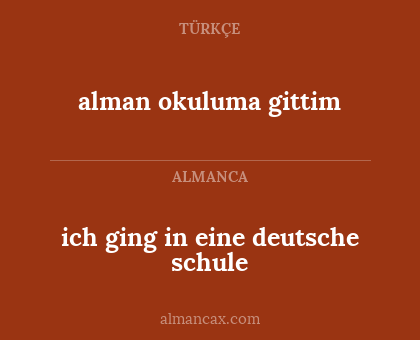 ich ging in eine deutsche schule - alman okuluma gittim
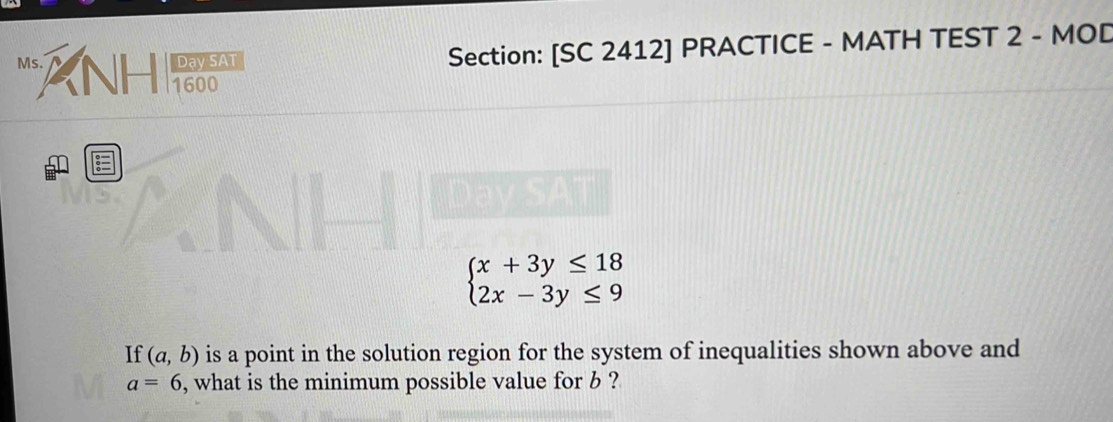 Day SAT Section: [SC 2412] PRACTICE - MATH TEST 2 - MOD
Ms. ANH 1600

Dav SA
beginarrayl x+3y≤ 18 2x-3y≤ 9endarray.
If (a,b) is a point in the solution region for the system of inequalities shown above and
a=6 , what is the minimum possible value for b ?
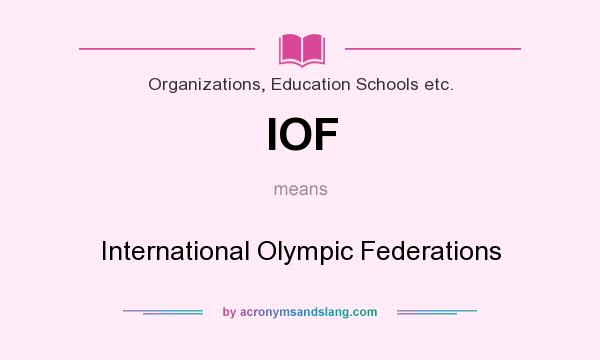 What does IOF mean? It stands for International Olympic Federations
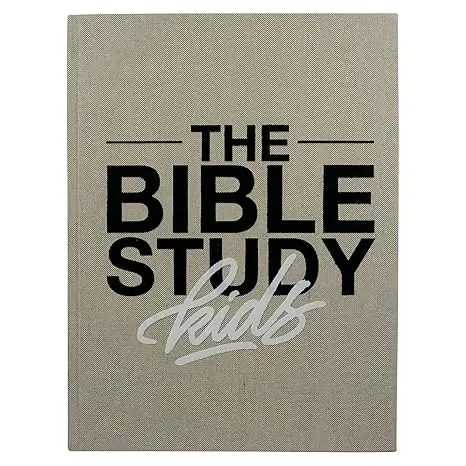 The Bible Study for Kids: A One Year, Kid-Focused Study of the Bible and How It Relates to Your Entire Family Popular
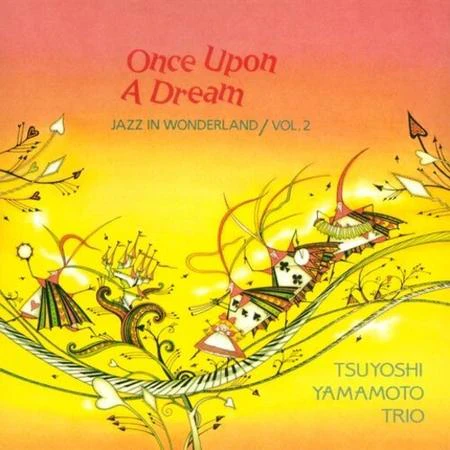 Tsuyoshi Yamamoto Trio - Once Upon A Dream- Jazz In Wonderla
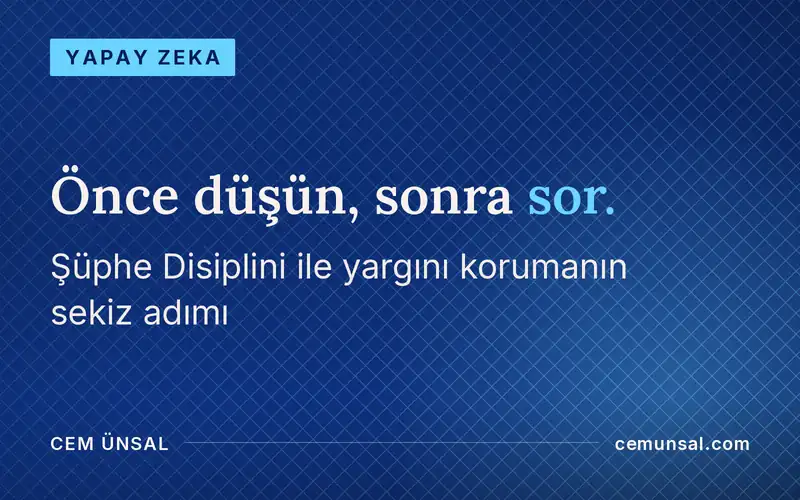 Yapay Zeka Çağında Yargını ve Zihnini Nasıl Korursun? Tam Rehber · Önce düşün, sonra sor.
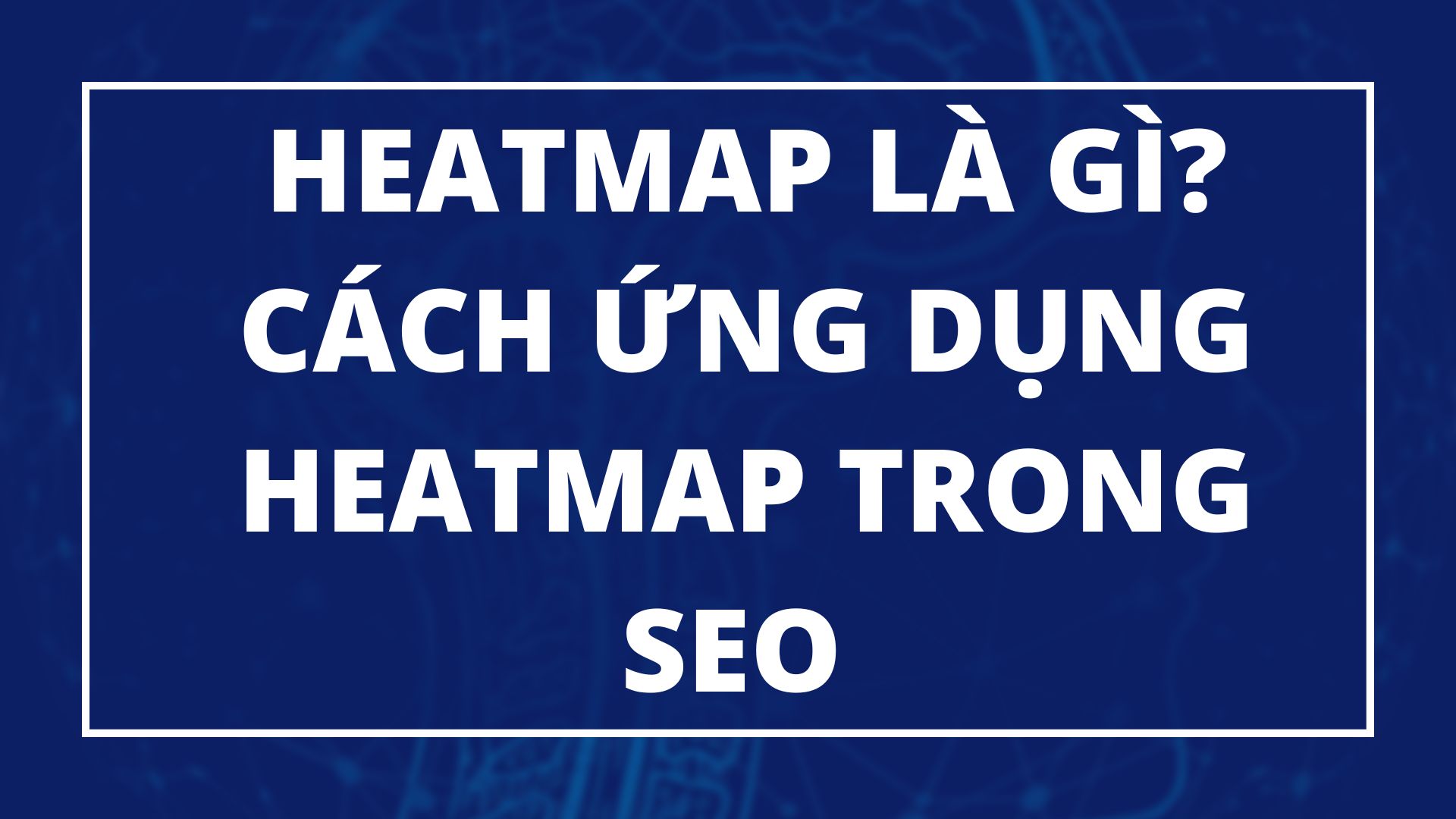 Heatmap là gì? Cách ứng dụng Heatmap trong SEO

■ ■ ■ ■

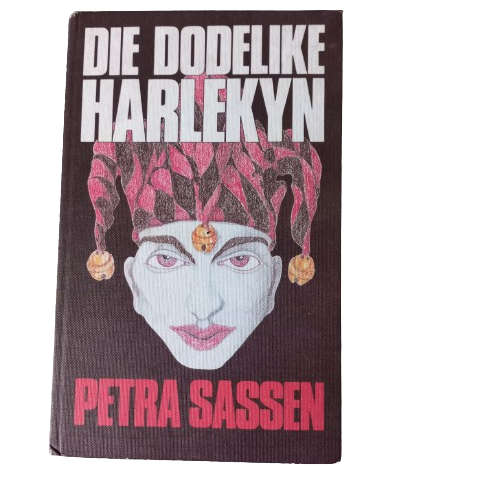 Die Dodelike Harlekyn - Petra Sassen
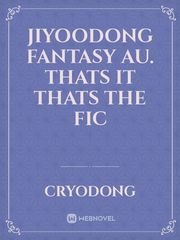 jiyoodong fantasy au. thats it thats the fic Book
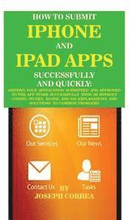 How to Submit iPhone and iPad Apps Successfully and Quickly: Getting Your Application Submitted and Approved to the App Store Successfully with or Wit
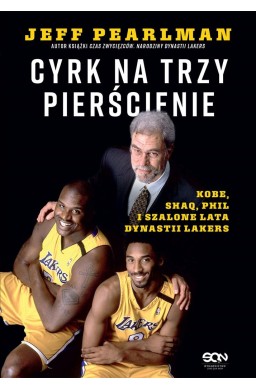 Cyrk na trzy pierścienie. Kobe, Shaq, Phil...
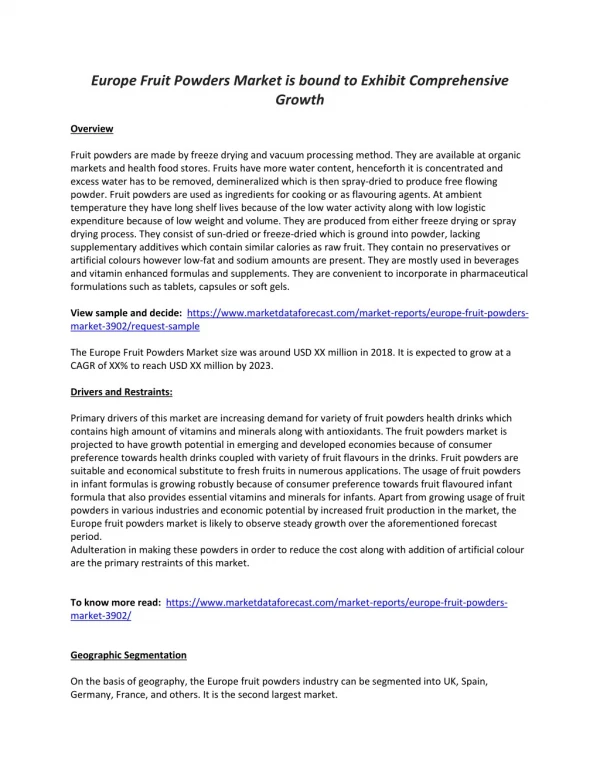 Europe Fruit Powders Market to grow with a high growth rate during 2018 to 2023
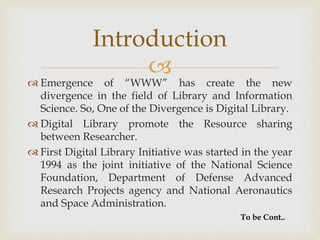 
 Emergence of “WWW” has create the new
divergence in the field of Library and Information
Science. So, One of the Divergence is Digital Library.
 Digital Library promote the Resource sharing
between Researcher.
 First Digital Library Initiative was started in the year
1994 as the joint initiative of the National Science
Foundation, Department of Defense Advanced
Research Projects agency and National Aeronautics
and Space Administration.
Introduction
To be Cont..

■ ■ ■ ■

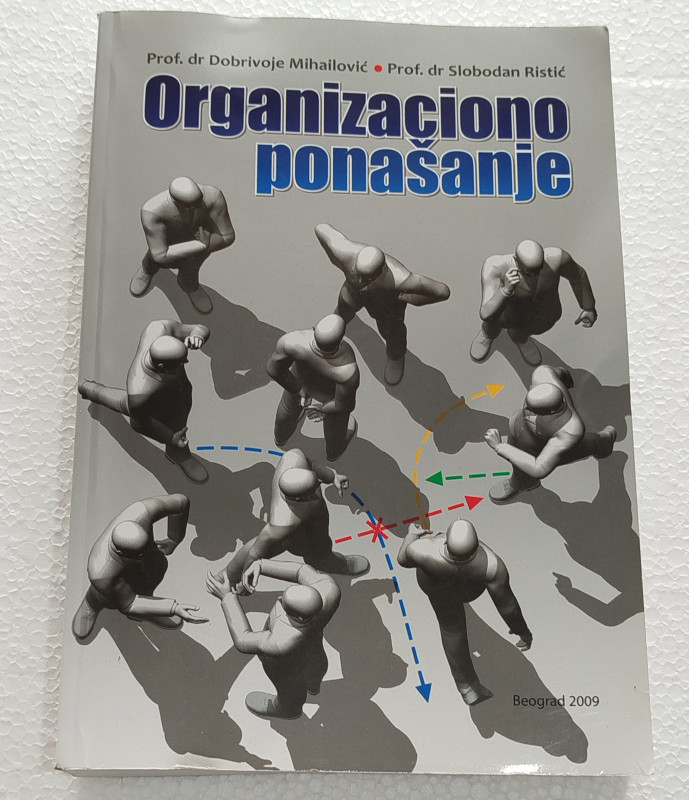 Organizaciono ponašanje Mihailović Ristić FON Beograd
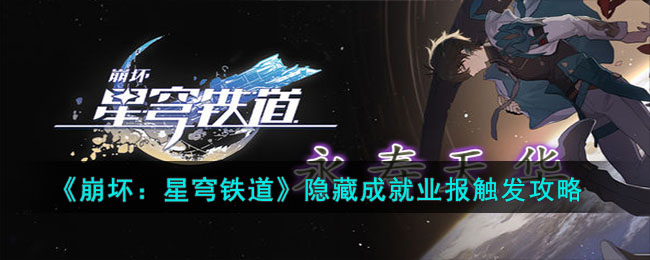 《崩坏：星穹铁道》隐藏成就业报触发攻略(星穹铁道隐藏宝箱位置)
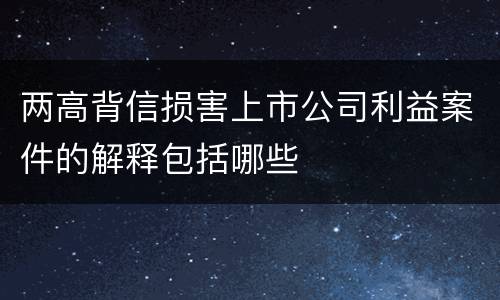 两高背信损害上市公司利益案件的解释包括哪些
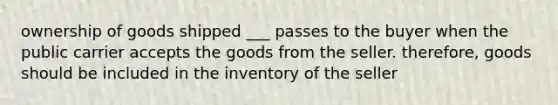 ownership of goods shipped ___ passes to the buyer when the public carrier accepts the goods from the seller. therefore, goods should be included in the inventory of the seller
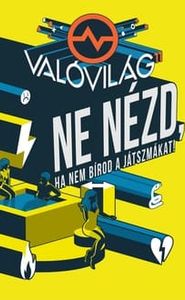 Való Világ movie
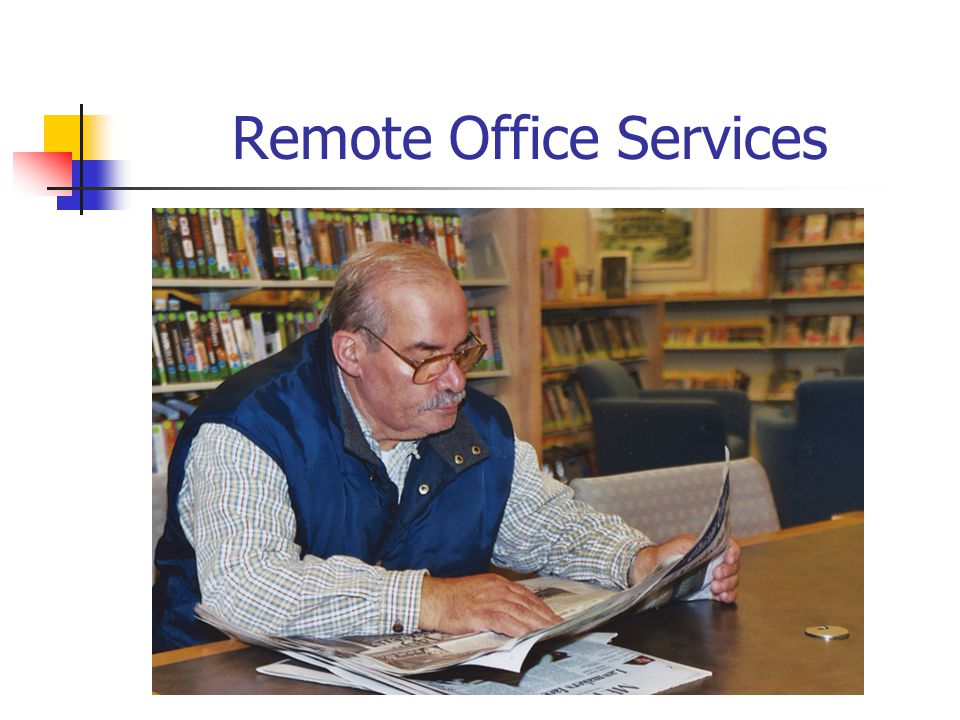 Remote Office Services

■ ■ ■ ■

- [What this task involves] From the records above, copy only the lines starting with the line that holds "Science. So, One" and going on through the line that holds "To be Cont..", exactly as written.

- [Answer]
Science. So, One of the Divergence is Digital Library.
 Digital Library promote the Resource sharing
between Researcher.
 First Digital Library Initiative was started in the year
1994 as the joint initiative of the National Science
Foundation, Department of Defense Advanced
Research Projects agency and National Aeronautics
and Space Administration.
Introduction
To be Cont..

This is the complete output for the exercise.